They don't even do this, so I don't know how they're preparing for an incoming attack.
It's, please let me put myself at such a biomechanical disadvantage that it would be an impossibility for me to do anything other than fall back on my skinny ass.
Keep playing.
Now the feet go back, see, like, oh crap, now watch, watch, watch, watch.
Oh, no, pause!
They weren't even crouched before!
They were just standing like, oh, what's going on?
Oh, no, wait, incoming!
You had, this is a drill!
You've watched them walking in!
And they're just standing there like, oh, wait, maybe I should put my legs in a position where I won't keel over.
I hate to give them any type of training advice, but look, and you should never underestimate your opponent, but you watching, listening right now, Yes, you can kick their ass.
Keep playing.
You can see it!
Aren't they supposed to be, um...
Are those... are they supposed to be cups?
Yeah, yes, I believe so.
With no strength or... Right, yeah, no strength, no ability.
Also, by the way, in that last one, can you just show that last portion, that last clip, or just freeze-frame it?
Typically, if you go... there's a reason, for example, in, like, mixed martial arts or boxing, that they're shirtless, or they put Vaseline on their eyes, because they want to avoid handles, and they want to avoid abrasions getting cut.

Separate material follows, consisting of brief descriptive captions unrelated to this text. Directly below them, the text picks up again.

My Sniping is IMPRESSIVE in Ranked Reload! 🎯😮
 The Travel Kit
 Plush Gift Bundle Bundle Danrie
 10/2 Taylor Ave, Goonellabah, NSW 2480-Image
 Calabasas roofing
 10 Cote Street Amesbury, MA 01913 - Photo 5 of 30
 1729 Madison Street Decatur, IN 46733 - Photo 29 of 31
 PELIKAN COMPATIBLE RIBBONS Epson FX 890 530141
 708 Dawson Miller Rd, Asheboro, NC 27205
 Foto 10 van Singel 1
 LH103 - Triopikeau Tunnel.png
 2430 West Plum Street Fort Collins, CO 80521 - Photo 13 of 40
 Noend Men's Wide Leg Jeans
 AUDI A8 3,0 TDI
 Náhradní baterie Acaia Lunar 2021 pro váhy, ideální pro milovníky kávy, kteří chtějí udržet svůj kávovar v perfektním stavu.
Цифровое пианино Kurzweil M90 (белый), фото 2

So, this... can you play it?
I don't know if... yeah, keep playing.
Right there, right there.
So it's, we want to avoid handles, we want to avoid anything that someone could grab and gain leverage, right?
It's an unfair advantage.
Think of a hockey fight.
That young man or woman, I have no idea, says, give me the poncho!
I want to be the man with no fighting ability.
Just grab it anywhere and pull me away.
Before we go to this police riot, can you guys just all line up for your scarves?
Everyone put on a scarf real quick.
I'm pretty sure that's the same guy from Finnegan's hit the other day.
Yes it is!
Give me the poncho, of course I have spacers in my ear, and if you could give me the ox nose ring.
I want to look like a yak so that they can simply drag me to the ground with one pinky.
I love that these guys are... It's really cute to try and do something like this.
It really is.
I don't know why I like that so much.
Because it's silly!
How's that song go?
Yaggity-yag!
Yaggity-yag!
Can't fight back.
Can't fight back.
I forgot what the original was.
Don't talk back.
Don't talk back.
No staggered stance.
You guys, look, okay, I'll do it really quick.
You guys understand the difference, right?
The point is this.
What are you, giving a class here?
It's just this.
If you stand like this.
Uh-huh, uh-huh, that's fine.
Guaranteed, if you push me, I have to go back.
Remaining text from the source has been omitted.